US judge halts winding down of 2020 count by Census Bureau

Jurisdictions and rights groups accuse the Trump administration of expediting the process to undercount some groups.

Census Bureau
The coronavirus pandemic has thrown the once-decade-count into turmoil [File: LM Otero/AP Photo]

The US Census Bureau must suspend winding down operations, which it has done to expedite the 2020 count of US residents, according to a federal judge’s order. 

US District Judge Lucy Koh in San Jose late on Saturday issued a temporary restraining order against the Census Bureau and the Commerce Department, which oversees the agency. The order stops the Census Bureau from winding down operations until a court hearing is held on September 17.

The Trump administration’s expedited plan aimed to end the once-a-decade headcount of every US resident by the end of September, after the initial timeline was thrown into chaos amid the coronavirus pandemic. 

However, a coalition of cities, counties and civil rights groups have charged that ending the count early would risk officials overlooking minority communities in the census, leading to an inaccurate count.

They say that could be harmful to some communities, as the final census count helps determine how $1.5 trillion in federal funding is distributed and how many congressional seats each state gets in a process known as apportionment.

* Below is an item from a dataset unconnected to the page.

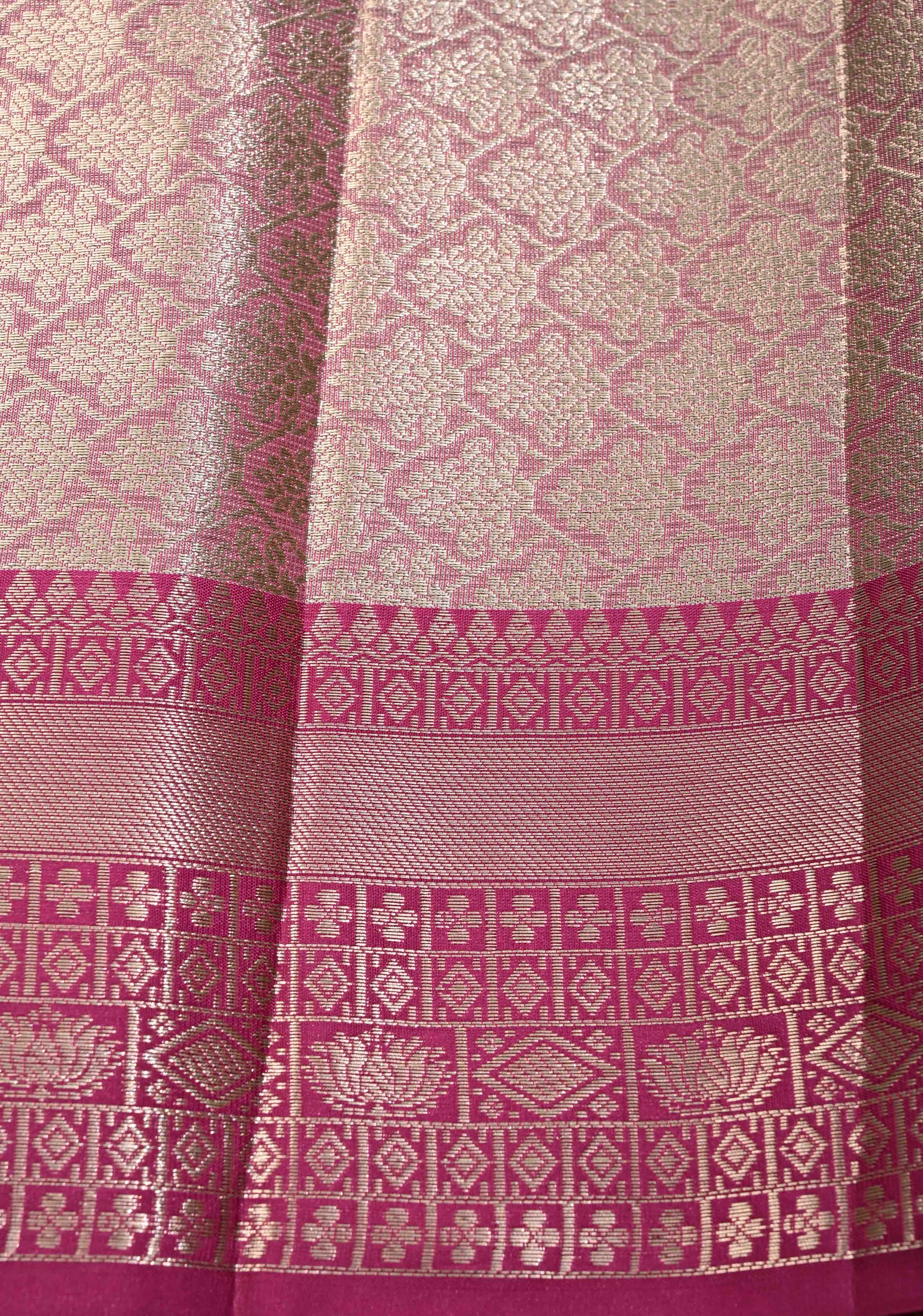 Creamy Green Kanjivaram Tissue Semi Silk Saree with Zari Buttas and Contrast Zari Border | Shobitam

The parties have demanded the Census Bureau restore a previous plan for finishing the census at the end of October. That date had already been pushed back from the end of July in light of the coronavirus. 

However, the final numbers from the census are legally required to be submitted by December. While the Census Bureau asked Congress for that deadline to be pushed back to next spring, the Republican-controlled Senate has not taken up the request.

The lawsuit further contends the Census Bureau changed the schedule to accommodate a directive by Trump to exclude undocumented residents of the country from the numbers used in redrawing congressional districts.

‘Attempted short-circuiting’

More than a half dozen other lawsuits have been filed in tandem across the country, challenging Trump’s memorandum as unconstitutional and an attempt to limit the power of Hispanics and immigrants of colour during the important apportionment of congressional seats and funding

“The court rightfully recognised the Trump administration’s attempted short-circuiting of our nation’s census as an imminent threat to the completion of a fair and accurate process,” Kristen Clarke, president and executive director of the Lawyers’ Committee for Civil Rights Under Law, one of the groups that brought the San Jose lawsuit, told The Associated Press news agency. 

In her order, Koh wrote that previous court cases had concluded that it is in the public interest that Congress be fairly apportioned and that the federal funds be distributed using an accurate census.

“Thus, the balance of the hardships and public interest tip sharply in Plaintiffs’ favour,” Koh said.

In a message emailed to regional offices and headquarters late on Saturday, the Census Bureau said the statistical agency and the Commerce Department “are obligated to comply with the Court’s Order and are taking immediate steps to do so”. Further guidance would be provided later, the bureau said.

However, a top Census Bureau official said in court papers filed late on Friday that the bureau would not be able to meet its deadline to turn in apportionment numbers at the end of December if the headcount were extended an extra month. 

Associate director Al Fontenot said it would be difficult to bring back census takers who had been laid off if the bureau was forced to go back to the plan that has the headcount ending in October, and that the current crop of census takers had been much more efficient than in past decades, allowing the count to end on the faster timetable.

As of Saturday, more than 86 percent of households have been counted. More than 65 percent of households were counted from self-responses online, by mail or by telephone, and 21 percent of households were counted by census takers who went to households that had not yet answered the questionnaire.